Task statement »
Only the lines below starting at the one containing "Louis Vuitton Silver" and ending at the one containing "Eine Frau steht" belong in the answer, each copied exactly.

++++ Source data

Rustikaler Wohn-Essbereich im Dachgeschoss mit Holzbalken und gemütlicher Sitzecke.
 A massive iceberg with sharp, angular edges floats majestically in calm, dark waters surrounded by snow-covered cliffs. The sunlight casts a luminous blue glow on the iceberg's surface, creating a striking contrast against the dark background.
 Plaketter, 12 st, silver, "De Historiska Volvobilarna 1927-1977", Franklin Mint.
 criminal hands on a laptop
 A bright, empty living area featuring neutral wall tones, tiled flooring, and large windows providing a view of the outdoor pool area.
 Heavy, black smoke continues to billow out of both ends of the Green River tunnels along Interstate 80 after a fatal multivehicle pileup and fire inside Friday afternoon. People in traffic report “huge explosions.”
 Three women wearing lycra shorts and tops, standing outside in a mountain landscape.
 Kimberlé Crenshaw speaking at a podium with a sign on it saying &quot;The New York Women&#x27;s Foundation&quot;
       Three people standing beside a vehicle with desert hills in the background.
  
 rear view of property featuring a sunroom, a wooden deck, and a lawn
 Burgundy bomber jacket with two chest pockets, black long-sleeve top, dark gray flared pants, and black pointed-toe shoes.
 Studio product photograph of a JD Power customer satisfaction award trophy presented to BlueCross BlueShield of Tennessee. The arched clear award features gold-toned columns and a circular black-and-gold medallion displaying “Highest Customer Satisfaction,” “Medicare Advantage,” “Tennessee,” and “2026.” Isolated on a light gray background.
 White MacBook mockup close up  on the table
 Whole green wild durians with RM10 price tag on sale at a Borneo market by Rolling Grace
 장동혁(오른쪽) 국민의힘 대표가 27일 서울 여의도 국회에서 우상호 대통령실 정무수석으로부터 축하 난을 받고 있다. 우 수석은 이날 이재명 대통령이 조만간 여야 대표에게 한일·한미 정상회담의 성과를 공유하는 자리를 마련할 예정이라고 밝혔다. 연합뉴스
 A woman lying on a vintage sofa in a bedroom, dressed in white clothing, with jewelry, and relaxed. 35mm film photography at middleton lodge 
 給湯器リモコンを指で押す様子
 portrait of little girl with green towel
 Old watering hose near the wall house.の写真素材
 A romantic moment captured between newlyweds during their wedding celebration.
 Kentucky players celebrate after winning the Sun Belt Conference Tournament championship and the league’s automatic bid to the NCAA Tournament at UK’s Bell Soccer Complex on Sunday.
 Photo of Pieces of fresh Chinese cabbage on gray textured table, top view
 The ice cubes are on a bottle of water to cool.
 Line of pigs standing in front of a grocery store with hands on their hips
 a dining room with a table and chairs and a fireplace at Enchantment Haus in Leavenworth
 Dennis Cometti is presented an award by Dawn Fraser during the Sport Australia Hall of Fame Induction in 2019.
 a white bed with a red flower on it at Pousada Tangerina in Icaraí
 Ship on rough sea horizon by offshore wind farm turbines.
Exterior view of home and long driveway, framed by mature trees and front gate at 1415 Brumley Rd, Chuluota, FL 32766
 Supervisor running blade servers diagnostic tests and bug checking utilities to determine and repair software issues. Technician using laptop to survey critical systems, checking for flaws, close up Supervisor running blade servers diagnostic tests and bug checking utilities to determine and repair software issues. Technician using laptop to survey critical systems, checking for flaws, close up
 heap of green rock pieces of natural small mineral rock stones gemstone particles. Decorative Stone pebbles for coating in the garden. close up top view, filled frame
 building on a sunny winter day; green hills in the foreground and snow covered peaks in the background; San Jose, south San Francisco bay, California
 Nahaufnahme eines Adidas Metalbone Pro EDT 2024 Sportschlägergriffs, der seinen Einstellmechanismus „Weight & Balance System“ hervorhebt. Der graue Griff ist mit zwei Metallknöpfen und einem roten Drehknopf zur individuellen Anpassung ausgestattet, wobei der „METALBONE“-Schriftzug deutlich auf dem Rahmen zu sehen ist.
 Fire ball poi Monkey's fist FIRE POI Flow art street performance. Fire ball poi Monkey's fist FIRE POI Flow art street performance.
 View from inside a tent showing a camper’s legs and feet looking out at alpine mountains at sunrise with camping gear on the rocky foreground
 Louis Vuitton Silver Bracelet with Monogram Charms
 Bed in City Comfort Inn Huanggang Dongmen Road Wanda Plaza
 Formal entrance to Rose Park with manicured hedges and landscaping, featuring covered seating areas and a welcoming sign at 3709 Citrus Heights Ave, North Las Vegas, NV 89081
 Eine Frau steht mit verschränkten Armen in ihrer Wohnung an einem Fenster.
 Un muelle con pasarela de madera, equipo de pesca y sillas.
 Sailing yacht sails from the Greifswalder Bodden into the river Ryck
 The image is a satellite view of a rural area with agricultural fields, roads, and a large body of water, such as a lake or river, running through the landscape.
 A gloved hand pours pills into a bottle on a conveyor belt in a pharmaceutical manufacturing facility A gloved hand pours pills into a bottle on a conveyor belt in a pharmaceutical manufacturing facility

++++++++

Response to the exercise »
 Louis Vuitton Silver Bracelet with Monogram Charms
 Bed in City Comfort Inn Huanggang Dongmen Road Wanda Plaza
 Formal entrance to Rose Park with manicured hedges and landscaping, featuring covered seating areas and a welcoming sign at 3709 Citrus Heights Ave, North Las Vegas, NV 89081
 Eine Frau steht mit verschränkten Armen in ihrer Wohnung an einem Fenster.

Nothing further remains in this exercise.